GithubHelp home page GithubHelp logo

hadron67 / tscc-compiler Goto Github PK

View Code? Open in Web Editor NEW
9.0 3.0 1.0 2.91 MB

An LALR(1) parser generator written in Typescript

Home Page: https://hadroncfy.com/tscc-compiler/web-demo/

License: MIT License

Makefile 0.05% JavaScript 40.62% TypeScript 56.52% Yacc 2.81%
compiler-compiler compiler-construction lexical-analyzer yacc

tscc-compiler's Introduction

tscc-compiler

An LALR(1) compiler generator written in typescript. It generates both the tokenizer and the parser. Currently it can generate parsers written in javascript and typescript. More target languages will be supported in future releases.

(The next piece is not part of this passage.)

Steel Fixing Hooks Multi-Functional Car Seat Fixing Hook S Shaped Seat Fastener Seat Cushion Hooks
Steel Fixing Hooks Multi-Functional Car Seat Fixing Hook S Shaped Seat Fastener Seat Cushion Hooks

Check out wiki for tscc-compiler!

Installation

To use it in node, you can install tscc-compiler via npm:

npm install tscc-compiler -g

Or, to use it in browsers, just download the file tscc.js or tscc.min.js and reference them with a script tag. The latter is a compressed version of the former.

Usage

From command line interface (CLI)

To generate the corresponding parser whose grammar is specified in test.y, for example, you could use the following command:

tscc-compiler test.y

The output files actually depends on the target language. For js and ts, test.ts or test.js would be generated respectively, plus a report file test.output, which contains the lexical DFA tables and LALR parse table.

Options for CLI

Option Description Argument
-o, --output Specify the output file to print DFA and parse table Name of the output file
-t, --test Parse (no lexical analyse) the given input string. Parsing process will be printed. See below for explanation. The string to be parsed.
-d, --detail-time Print a detailed list of time costs of different generation phases. No
-h, --help Print help message and quit No

From module

This project uses module bundler rollup to create a source file tscc.js that contains the entail source code for tscc-compiler. You may import it as a module by var tscc = require('tscc-compiler'); or include tscc.js with a script tag in browsers. A simple way to invoke tscc-compiler is calling tscc.main with the argument being an object that contains various options. It returns 0 if no error ocurrs, otherwise it returns -1. Options are listed below:

Option Required Type Description
inputFile Yes string Name of the input file
input Yes string Content of the input file
outputFile No string Name of output file (not to be confused with output parser). If not specified, the output file won't be generated.
stdout Yes tscc.io.OutputStream An interface object to output all the messages. This object must contain write(s) and writeln(s).
writeFile Yes (path: string, content: string) => any A callback to write files.
testInput No string Test input. If specified, the result will be printed. See below for explanation.
printDetailedTime Yes boolean Whether to print the detailed time cost list.
printDFA No boolean Whether to print lexical DFA tables in the output file.
showlah No boolean Whether to show look-ahead tokens of items when printing parse table.
showFullItemsets No boolean Whether to show full item sets when printing parse table. If not specified or set to false, only kernel items will be printed.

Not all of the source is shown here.